[Captioned web image data]
--- START ---
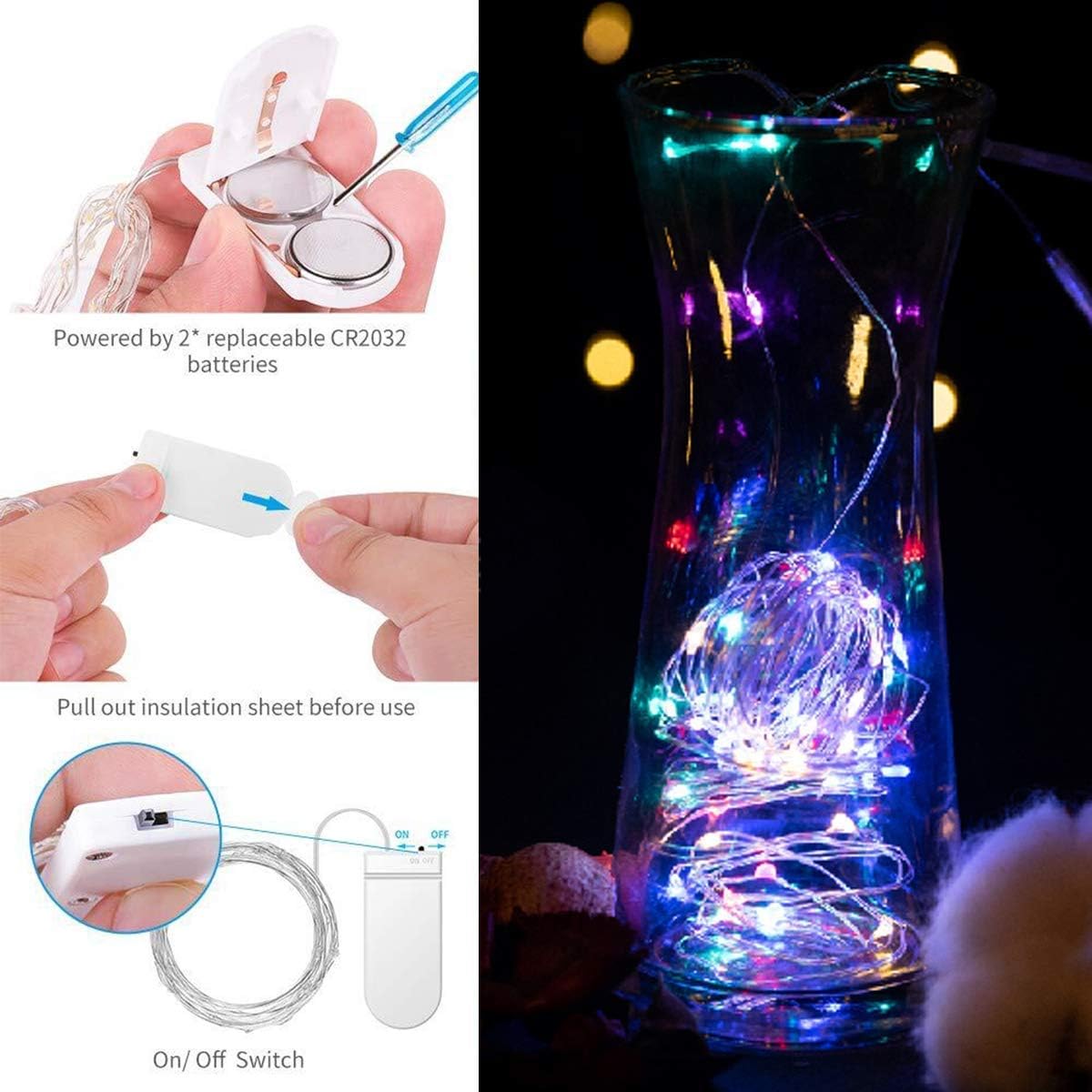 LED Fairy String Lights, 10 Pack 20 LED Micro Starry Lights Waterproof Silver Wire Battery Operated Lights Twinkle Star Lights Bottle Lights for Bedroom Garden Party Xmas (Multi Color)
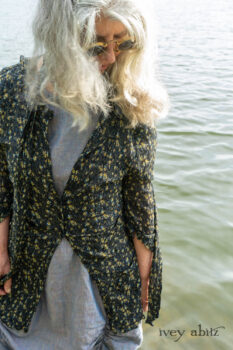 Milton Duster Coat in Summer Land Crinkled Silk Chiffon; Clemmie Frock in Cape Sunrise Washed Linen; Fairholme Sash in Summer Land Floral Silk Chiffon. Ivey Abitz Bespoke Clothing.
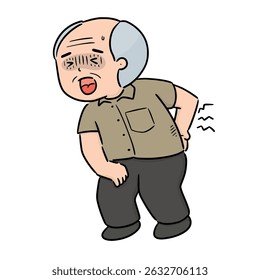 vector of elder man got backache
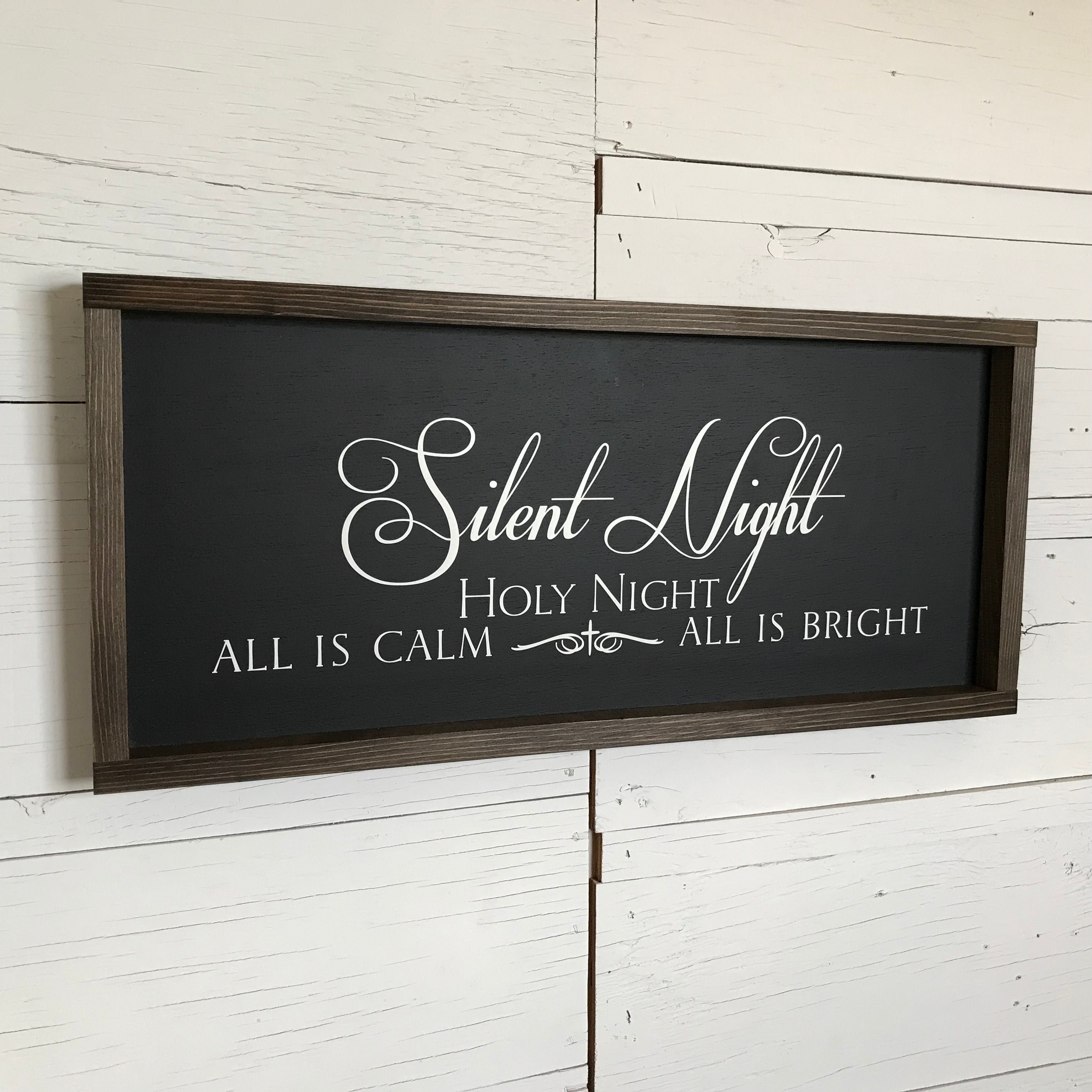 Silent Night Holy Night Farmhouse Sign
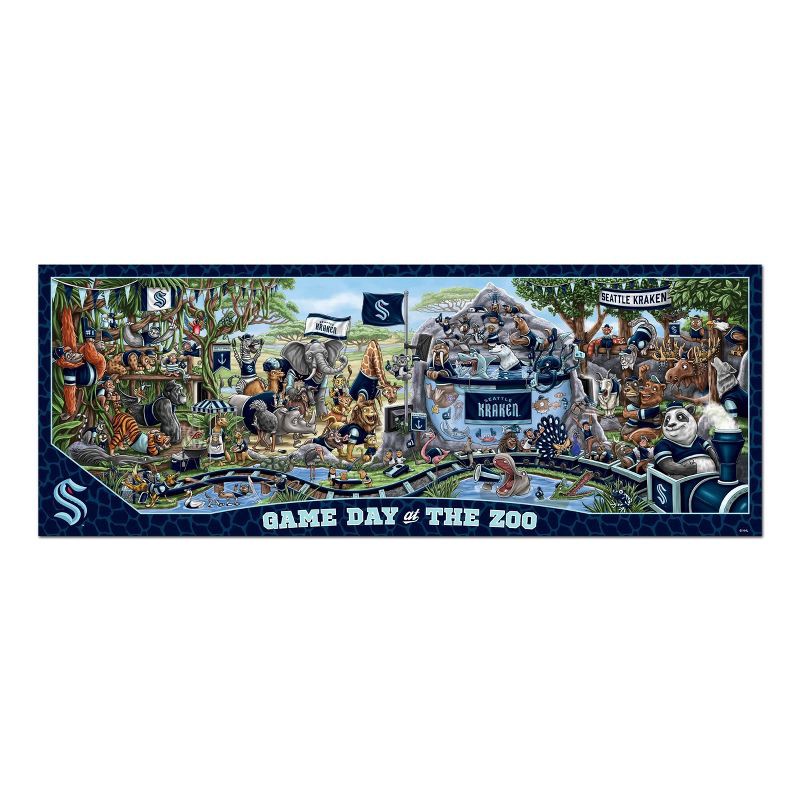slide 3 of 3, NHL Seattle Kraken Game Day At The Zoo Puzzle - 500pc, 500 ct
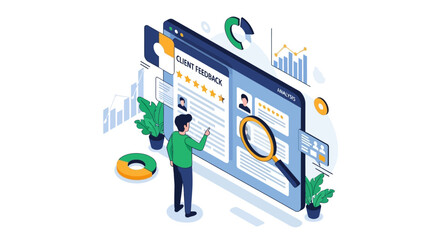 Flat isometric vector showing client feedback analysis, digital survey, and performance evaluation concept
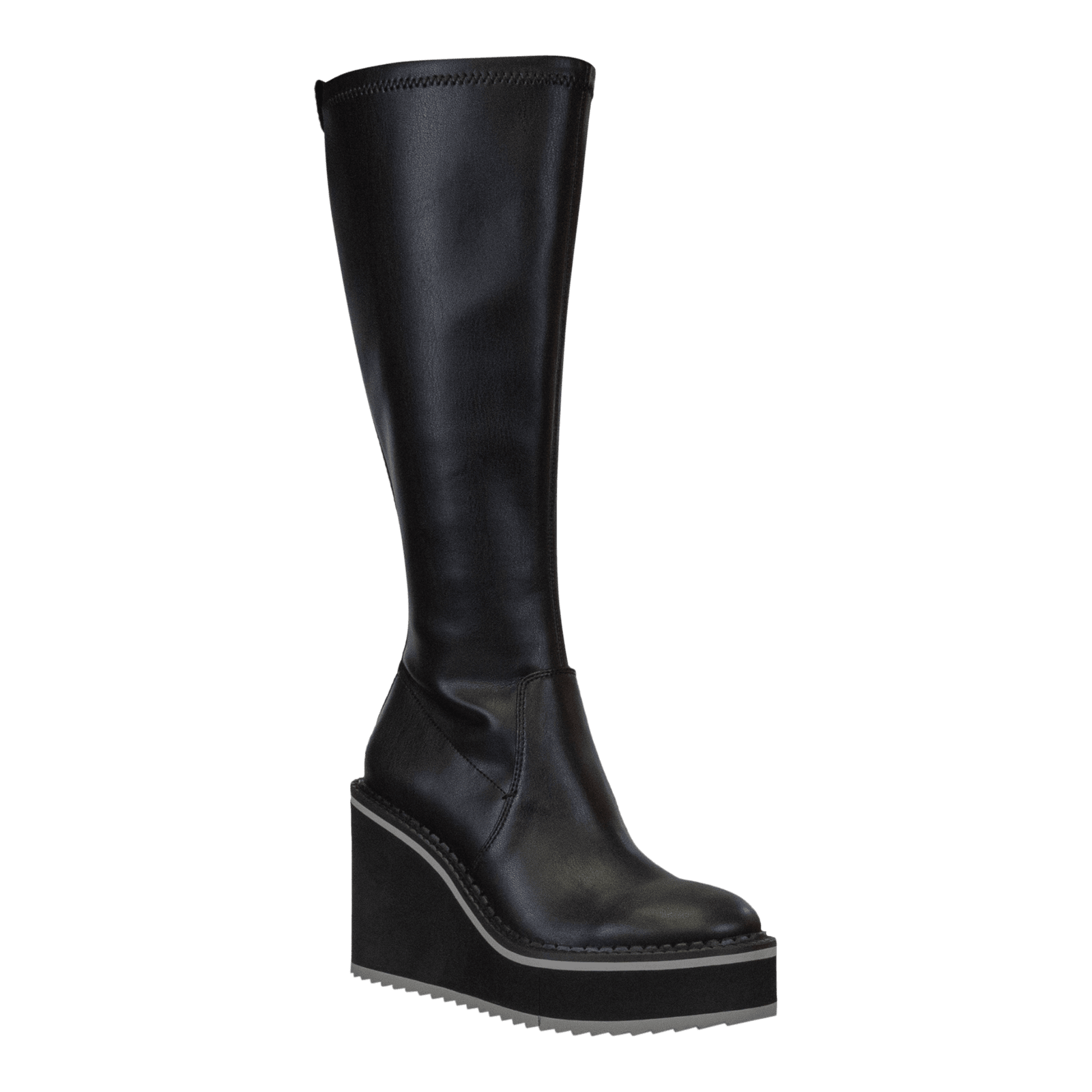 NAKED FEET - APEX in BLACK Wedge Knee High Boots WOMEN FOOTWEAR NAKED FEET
--- END ---
--- START ---
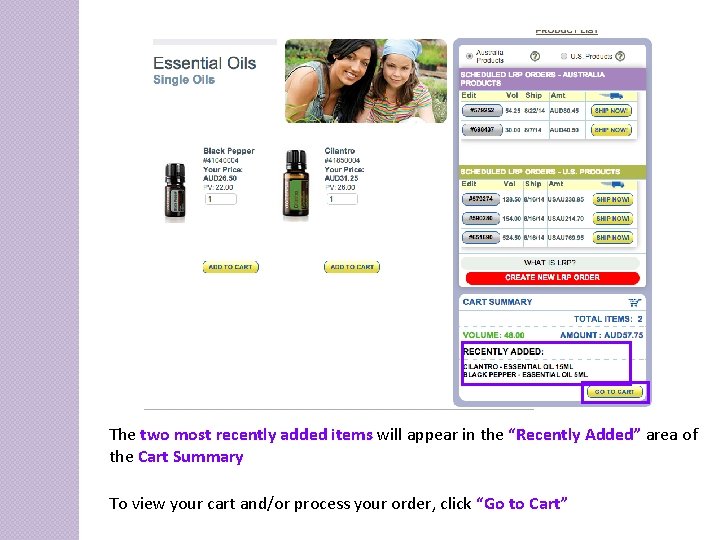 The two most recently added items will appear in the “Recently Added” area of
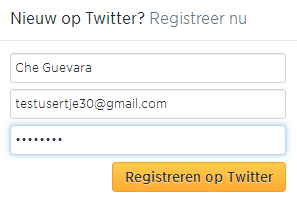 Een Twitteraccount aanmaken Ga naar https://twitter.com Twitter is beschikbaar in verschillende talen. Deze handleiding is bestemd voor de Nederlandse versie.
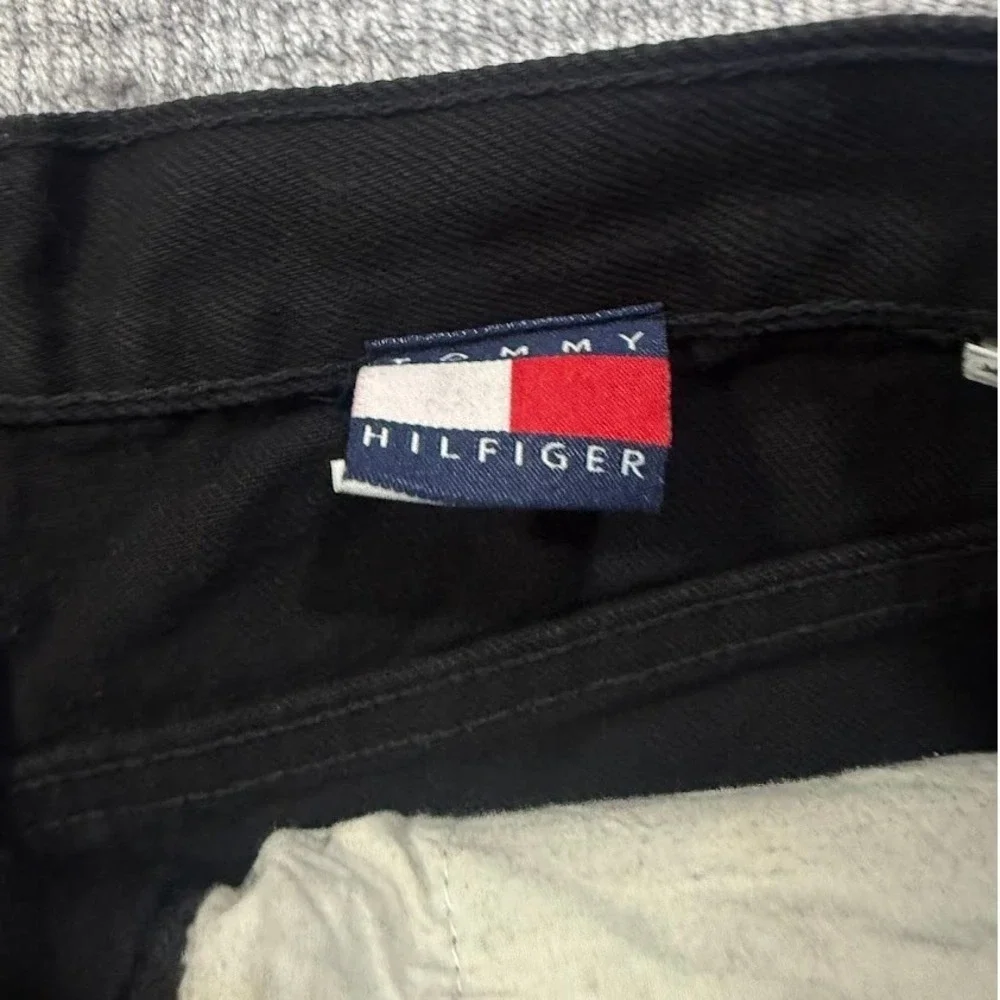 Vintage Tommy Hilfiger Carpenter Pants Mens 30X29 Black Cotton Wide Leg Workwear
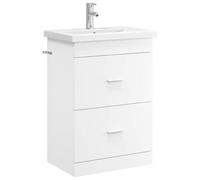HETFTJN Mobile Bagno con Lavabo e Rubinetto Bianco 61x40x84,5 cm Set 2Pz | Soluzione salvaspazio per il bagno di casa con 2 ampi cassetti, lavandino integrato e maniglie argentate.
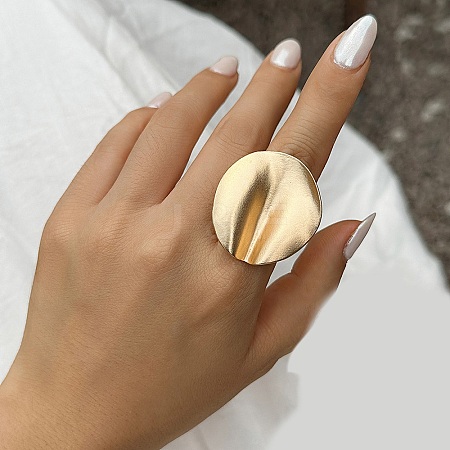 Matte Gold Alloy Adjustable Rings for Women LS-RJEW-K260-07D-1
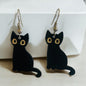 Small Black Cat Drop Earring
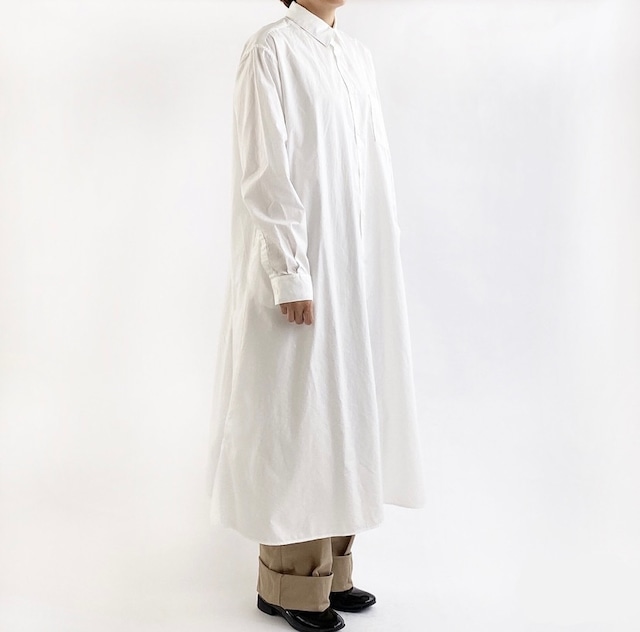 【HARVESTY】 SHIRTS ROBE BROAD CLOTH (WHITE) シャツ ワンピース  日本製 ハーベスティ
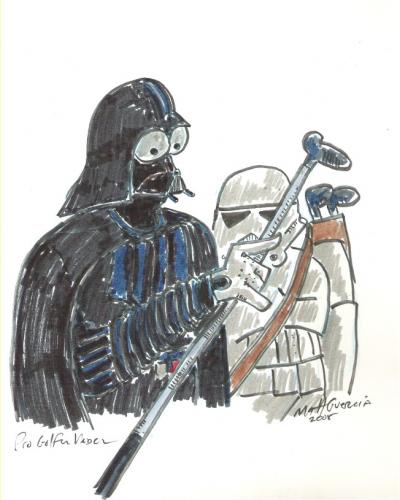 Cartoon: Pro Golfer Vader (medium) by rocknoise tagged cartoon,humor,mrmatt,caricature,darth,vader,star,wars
--- END ---
__Exercise prompt__. Reproduce the lines above beginning at the line that contains "Matte Gold Alloy" and ending at the line that contains "Cartoon: Pro Golfer". No pictures.

__Expected output__.
 Matte Gold Alloy Adjustable Rings for Women LS-RJEW-K260-07D-1
 Small Black Cat Drop Earring
 【HARVESTY】 SHIRTS ROBE BROAD CLOTH (WHITE) シャツ ワンピース  日本製 ハーベスティ
 Cartoon: Pro Golfer Vader (medium) by rocknoise tagged cartoon,humor,mrmatt,caricature,darth,vader,star,wars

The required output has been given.